**RECORDS FOR THIS TASK:**
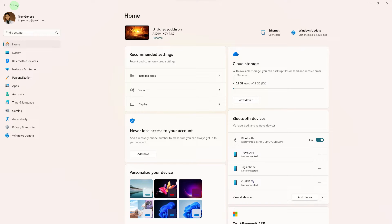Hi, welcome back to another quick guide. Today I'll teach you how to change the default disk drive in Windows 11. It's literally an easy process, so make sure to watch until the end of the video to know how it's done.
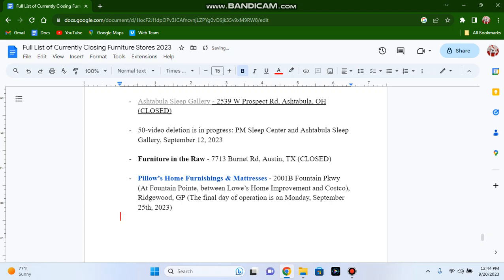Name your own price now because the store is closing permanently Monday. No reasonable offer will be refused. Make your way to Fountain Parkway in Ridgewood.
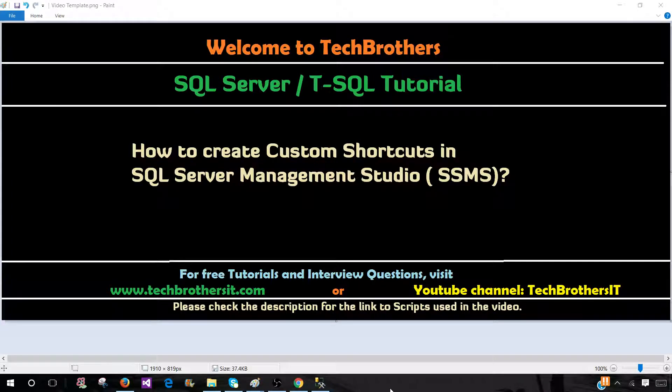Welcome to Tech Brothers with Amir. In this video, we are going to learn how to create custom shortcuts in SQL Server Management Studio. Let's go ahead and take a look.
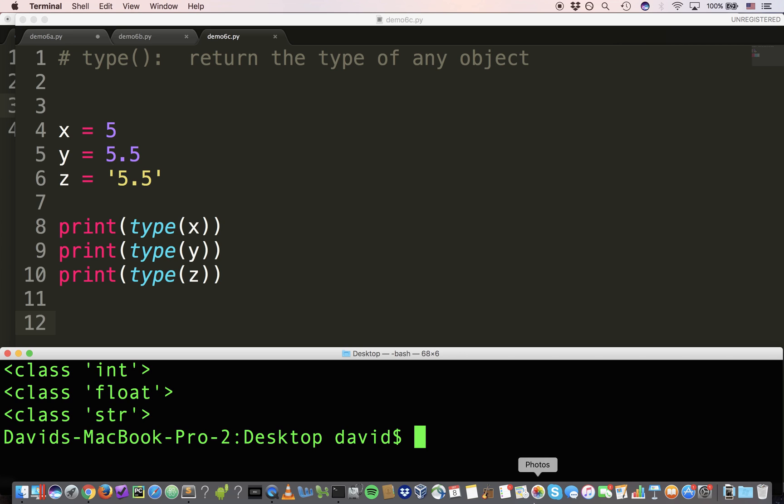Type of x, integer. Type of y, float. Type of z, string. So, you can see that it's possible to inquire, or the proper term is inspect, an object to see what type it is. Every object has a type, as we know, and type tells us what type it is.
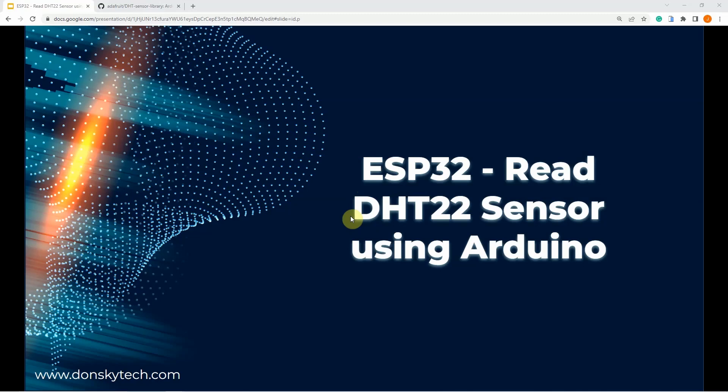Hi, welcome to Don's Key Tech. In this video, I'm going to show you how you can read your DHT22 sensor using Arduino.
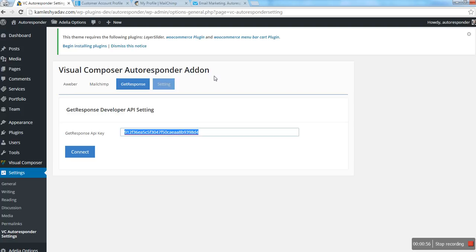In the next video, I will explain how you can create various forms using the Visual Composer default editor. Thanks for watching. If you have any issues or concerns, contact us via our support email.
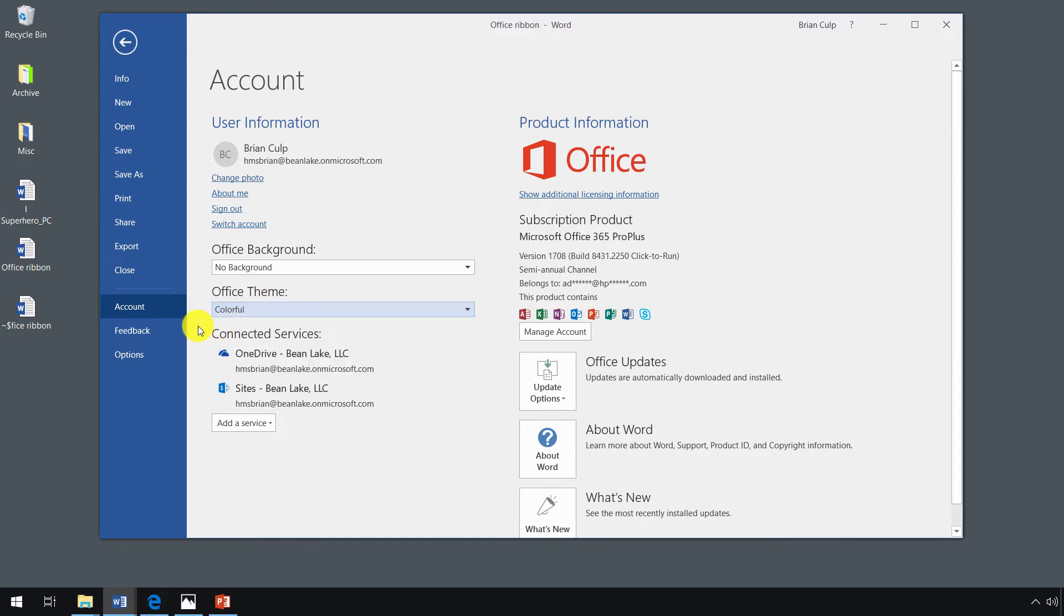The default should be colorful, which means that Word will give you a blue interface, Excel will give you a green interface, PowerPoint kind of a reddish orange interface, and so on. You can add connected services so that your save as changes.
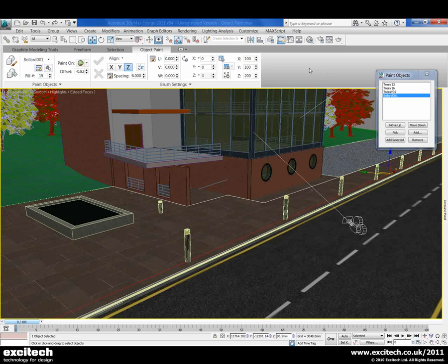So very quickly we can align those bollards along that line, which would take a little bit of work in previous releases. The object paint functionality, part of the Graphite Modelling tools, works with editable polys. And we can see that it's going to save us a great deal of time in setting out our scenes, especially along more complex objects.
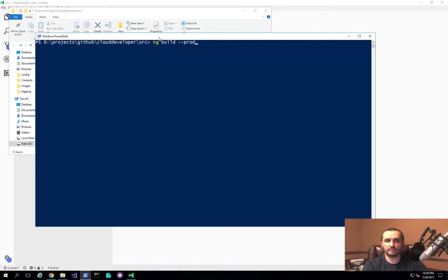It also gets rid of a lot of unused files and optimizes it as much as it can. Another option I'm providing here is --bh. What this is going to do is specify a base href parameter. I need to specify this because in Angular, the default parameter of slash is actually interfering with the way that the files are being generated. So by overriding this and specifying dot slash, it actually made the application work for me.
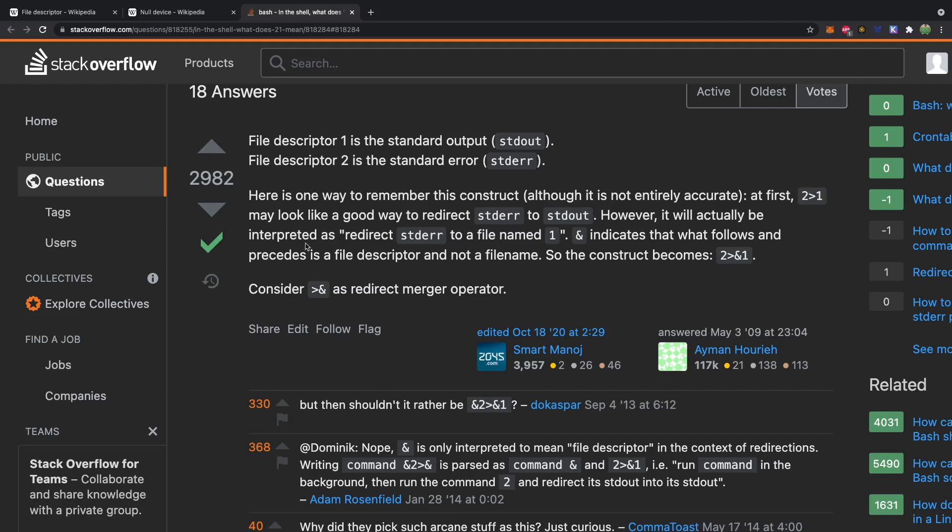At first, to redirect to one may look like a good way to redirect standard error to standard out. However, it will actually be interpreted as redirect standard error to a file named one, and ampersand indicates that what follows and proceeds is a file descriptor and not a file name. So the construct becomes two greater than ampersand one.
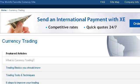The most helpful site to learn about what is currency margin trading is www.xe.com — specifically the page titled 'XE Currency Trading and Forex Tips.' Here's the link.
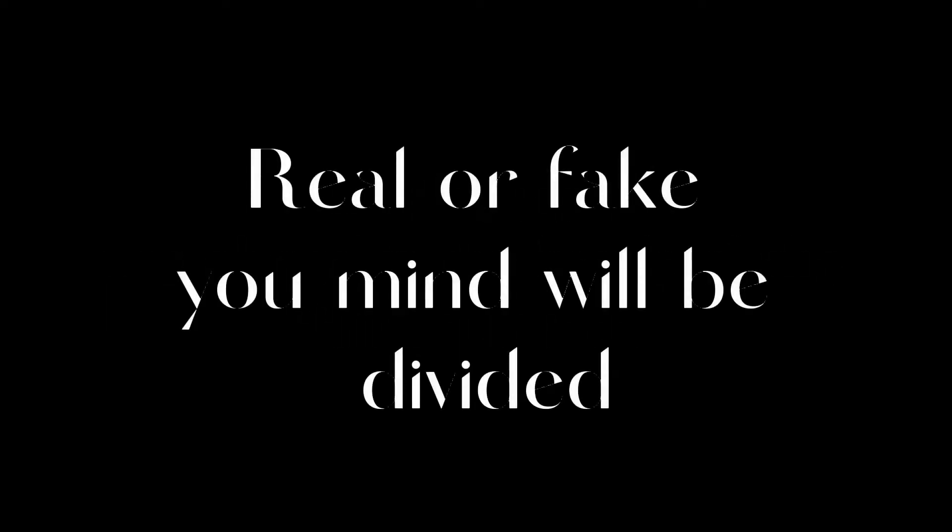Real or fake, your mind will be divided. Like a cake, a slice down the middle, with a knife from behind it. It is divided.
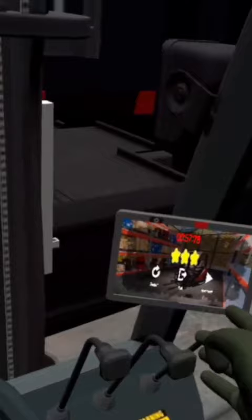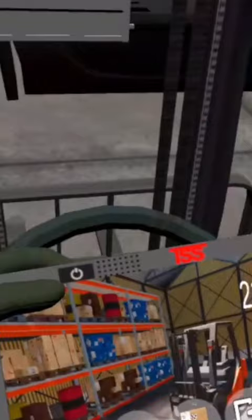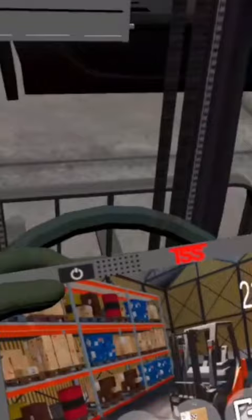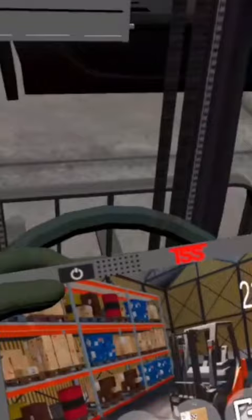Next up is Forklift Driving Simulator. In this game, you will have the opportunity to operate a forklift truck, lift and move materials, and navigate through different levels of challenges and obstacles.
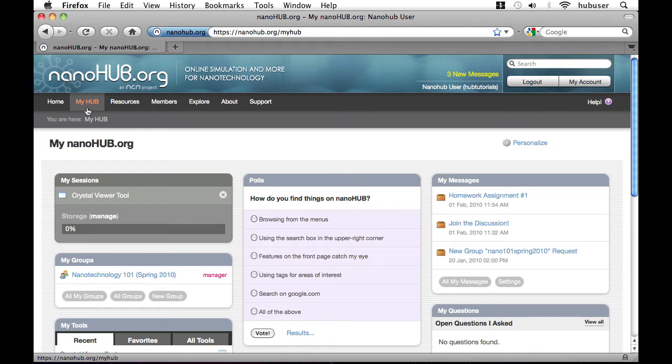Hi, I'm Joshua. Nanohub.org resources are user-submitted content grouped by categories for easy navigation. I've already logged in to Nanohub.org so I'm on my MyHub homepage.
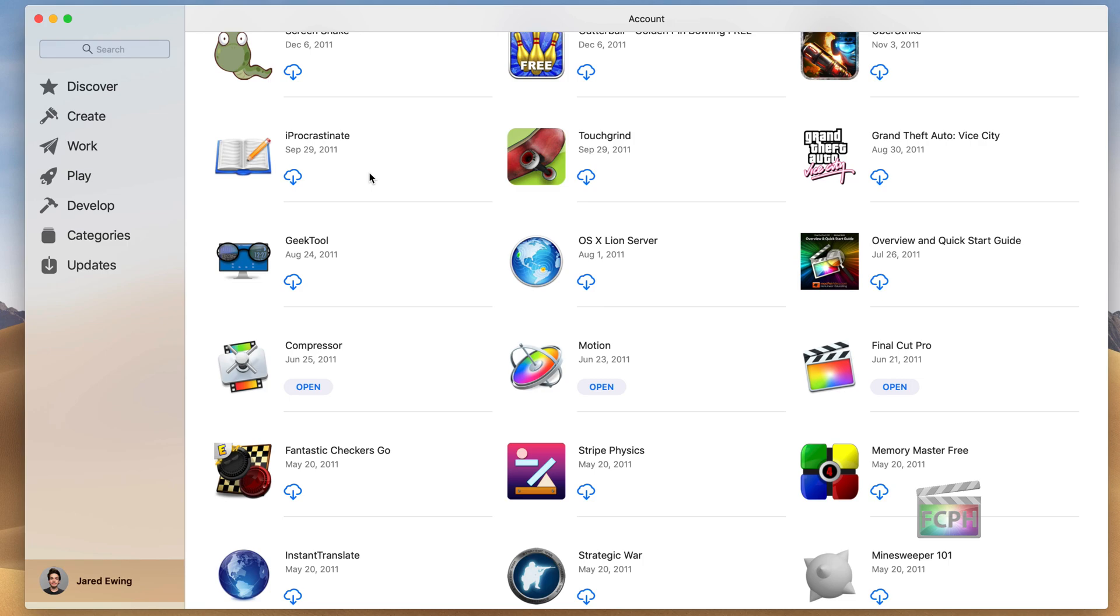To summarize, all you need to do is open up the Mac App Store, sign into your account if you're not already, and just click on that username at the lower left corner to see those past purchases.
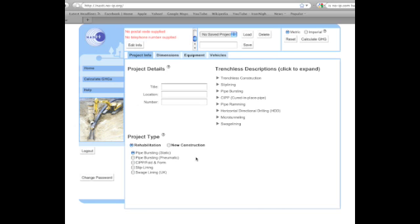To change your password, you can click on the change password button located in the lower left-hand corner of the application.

**TASK OBJECTIVE:** Exact copies of all the entries are needed; output them without the pictures.

**OUTPUT FOR THIS EXERCISE:**
Hi, welcome back to another quick guide. Today I'll teach you how to change the default disk drive in Windows 11. It's literally an easy process, so make sure to watch until the end of the video to know how it's done.
Name your own price now because the store is closing permanently Monday. No reasonable offer will be refused. Make your way to Fountain Parkway in Ridgewood.
Welcome to Tech Brothers with Amir. In this video, we are going to learn how to create custom shortcuts in SQL Server Management Studio. Let's go ahead and take a look.
Type of x, integer. Type of y, float. Type of z, string. So, you can see that it's possible to inquire, or the proper term is inspect, an object to see what type it is. Every object has a type, as we know, and type tells us what type it is.
Hi, welcome to Don's Key Tech. In this video, I'm going to show you how you can read your DHT22 sensor using Arduino.
In the next video, I will explain how you can create various forms using the Visual Composer default editor. Thanks for watching. If you have any issues or concerns, contact us via our support email.
The default should be colorful, which means that Word will give you a blue interface, Excel will give you a green interface, PowerPoint kind of a reddish orange interface, and so on. You can add connected services so that your save as changes.
So very quickly we can align those bollards along that line, which would take a little bit of work in previous releases. The object paint functionality, part of the Graphite Modelling tools, works with editable polys. And we can see that it's going to save us a great deal of time in setting out our scenes, especially along more complex objects.
It also gets rid of a lot of unused files and optimizes it as much as it can. Another option I'm providing here is --bh. What this is going to do is specify a base href parameter. I need to specify this because in Angular, the default parameter of slash is actually interfering with the way that the files are being generated. So by overriding this and specifying dot slash, it actually made the application work for me.
At first, to redirect to one may look like a good way to redirect standard error to standard out. However, it will actually be interpreted as redirect standard error to a file named one, and ampersand indicates that what follows and proceeds is a file descriptor and not a file name. So the construct becomes two greater than ampersand one.
The most helpful site to learn about what is currency margin trading is www.xe.com — specifically the page titled 'XE Currency Trading and Forex Tips.' Here's the link.
Real or fake, your mind will be divided. Like a cake, a slice down the middle, with a knife from behind it. It is divided.
Next up is Forklift Driving Simulator. In this game, you will have the opportunity to operate a forklift truck, lift and move materials, and navigate through different levels of challenges and obstacles.
Hi, I'm Joshua. Nanohub.org resources are user-submitted content grouped by categories for easy navigation. I've already logged in to Nanohub.org so I'm on my MyHub homepage.
To summarize, all you need to do is open up the Mac App Store, sign into your account if you're not already, and just click on that username at the lower left corner to see those past purchases.
To change your password, you can click on the change password button located in the lower left-hand corner of the application.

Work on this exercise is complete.